Investing 101 fans of static ratios will tell you ARM is overvalued, in a bubble, destined to crash, an obvious short etc. Of course, if investing was as easy as selling/shorting firms with high PEs, it would be a rather simple endeavor. The fact is ARM's growth is largely in front of it and its CAGR is the envy of the semiconductor space. This makes static ratios rather problematic, especially the PE. As an alternative perspective, if we look out a year (and thus ignore Internet of Things, meaningful server and computing revenues etc.) with a 2014E PE of approx. 32, and an earnings CAGR of approx. 21-25%, ARM has a 2014 PEG in the 1.2-1.4 range, very similar to Qualcomm (NASDAQ:QCOM), and actually not incomparable to Intel (0.9). In essence, just paying for the current (so basically phone, AV, and microcontroller) business ARM looks to be valued at the top end of what you might expect (there is clearly a bit of Apple-esque hype in the stock).

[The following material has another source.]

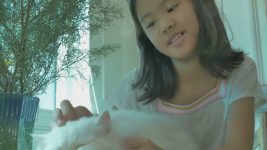 Top 10 Best Cat Breeds for Families! #cats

However, if you think the IOT, server, mobile computing beyond phones etc., opportunities are real, it starts to look much less expensive.

However, the reality is valuation ratios really don't tell you very much about the actual direction of a business and can easily be massaged to fit whatever story the author prefers. They are far too often the tail wagging the investing dog. Certainly, If you don't like buying stocks at 52 week highs, or PEs that make you feint, ARM is clearly not for you. I can think of several semiconductor players that can offer you paltry PEs, close to 52 week lows, and all the dividends you can eat to boot. Bottom line, sometimes you have to pay for growth and potential and ultimately the only thing that matters is whether you think that growth will be more or less than the market is anticipating. In the case of ARM, I don't yet believe the Street has fully comprehended the long term potential.

Disclosure: I am long ARMH, AAPL, QCOM. I wrote this article myself, and it expresses my own opinions. I am not receiving compensation for it (other than from Seeking Alpha). I have no business relationship with any company whose stock is mentioned in this article.